It was, by an order of magnitude, the best deal ever offered a working class: plenty of all the goods they always wanted, and all the money to buy these goods, if only they would SPEND the money and not hoard it or otherwise divert it from its mission: acquisition of the goods that Industrial Society could produce. Buying, the consumers would show their willingness to uphold the principles of Industrial Society and to endorse the value of the wealth that top-dogs had invested - and would keep on investing - in the production system.

It meant nothing more than for the worker/consumer also to recognize the necessary interdependence between producers and consumers for the system to survive. Buy! Show support for Santa Claus against the Ghost! The best deal ever. It looked like a sure bet, so the match was set to avoid ambiguity as to the rules and result.

Santa Claus would inject money in the economy to increase demand, create jobs, allow for more profits that would end up in taxes and in investments to produce more and more goods that the labour force could acquire for less and less work. The new products that industrial society would offer might be superfluous though, opening the door to the Ghost's counter-attack who, on the other hand, would try to make it appear all very boring. "You already have three transistor radios, you already own one or two cars, you even have an electric can opener... why bother?" The Ghost would try and discredit industrial values.

The conditions were clear, and it would also be easy to know who had won. If a sufficient number of solvent customers - meaning the workers who had a job to prove that they were bringing to society a contribution for which there was still an effective demand - agreed to buy the total production of the economy at a price that still would yield a profit to the investors, it would be tantamount to an effective majority stating that they were still ready to work to obtain what industrial society could offer. If they did, grateful investors would gladly, not only compensate the labour force still at work more and more generously, but also sponsor the State, to the last penny of their profits if need be, to pay the bills of the unemployed and destitute minority so that the poor also might join the ranks of customers and help total consumption equal total production. Everything would sell at a profit, economy would boom, manufacturing goods would pile up indefinitely, and it would be victory for Santa Claus.

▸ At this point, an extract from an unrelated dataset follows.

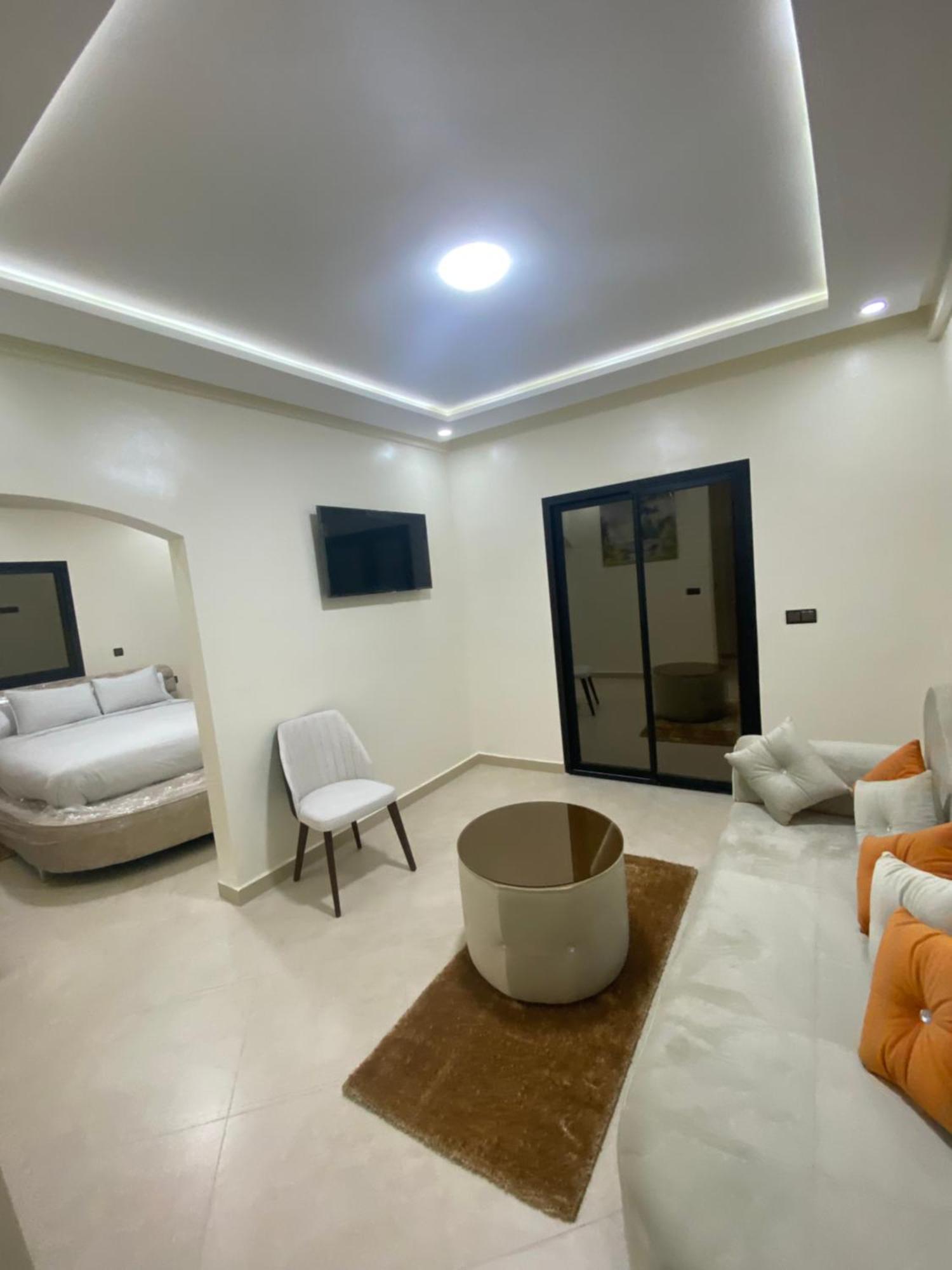 Le Ruban D'Or Hotell Azilal Exteriör bild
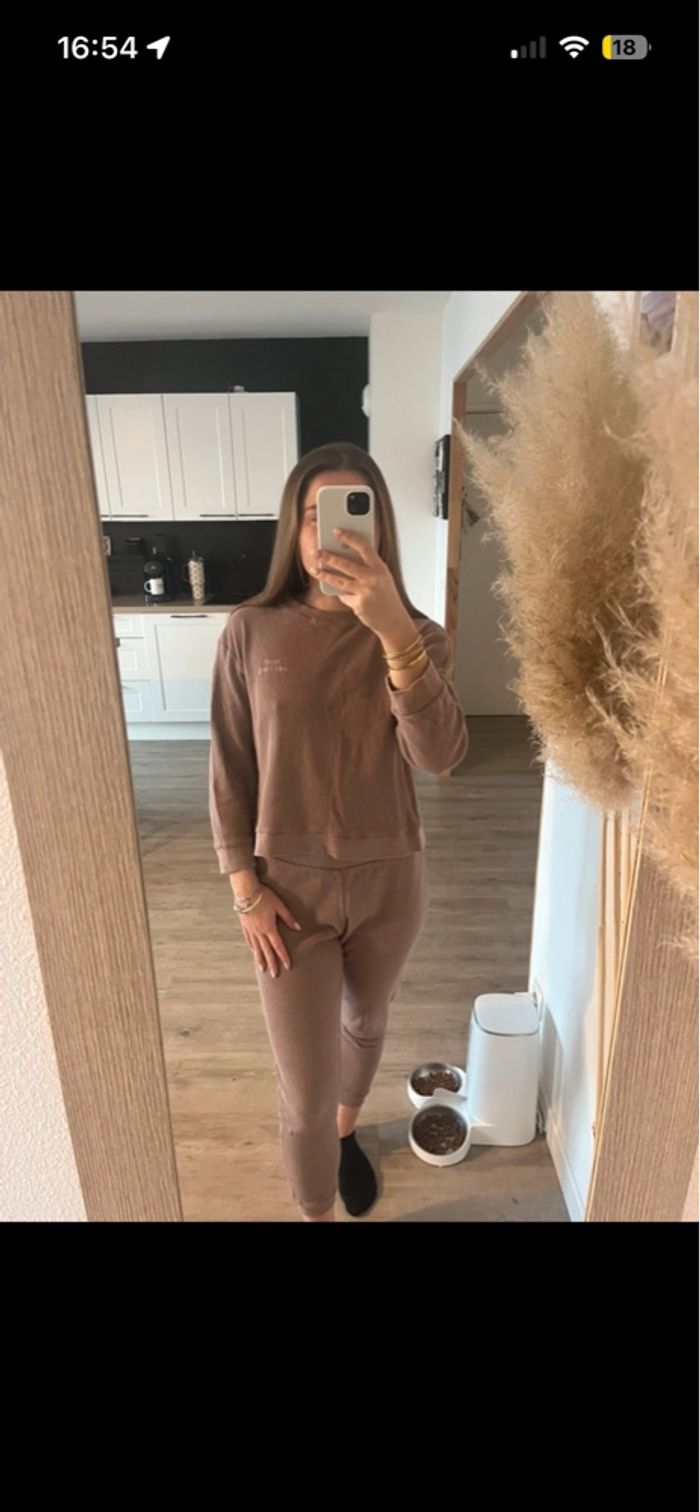 Ensemble survêtement - photo numéro 2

If, to the contrary, the labour force would not hold its part of the bargain, if customers proved unfaithful and too many workers should decide that the goods they were offered by industrial society were redundant, and not worth the price in work that they still had to pay to buy them, then Santa Claus would have to give more and more, until the sum of its gifts would exceed the sum of the profits that resulted from the sale of all the goods. There would be an actual de-concentration of wealth... and nothing can be given out of negative profits. If this occurred, the verdict of the effective majority of workers would have been that there was an irreducible discrepancy between investments in the production of material goods and the real demands of society, that surplus goods were produced by the system that were not needed, and that the investment that had been made to produce these goods was worthless. A clear victory for the Ghost, a loss of credibility in the symbolic value of wealth, the Thirties once again and chaos.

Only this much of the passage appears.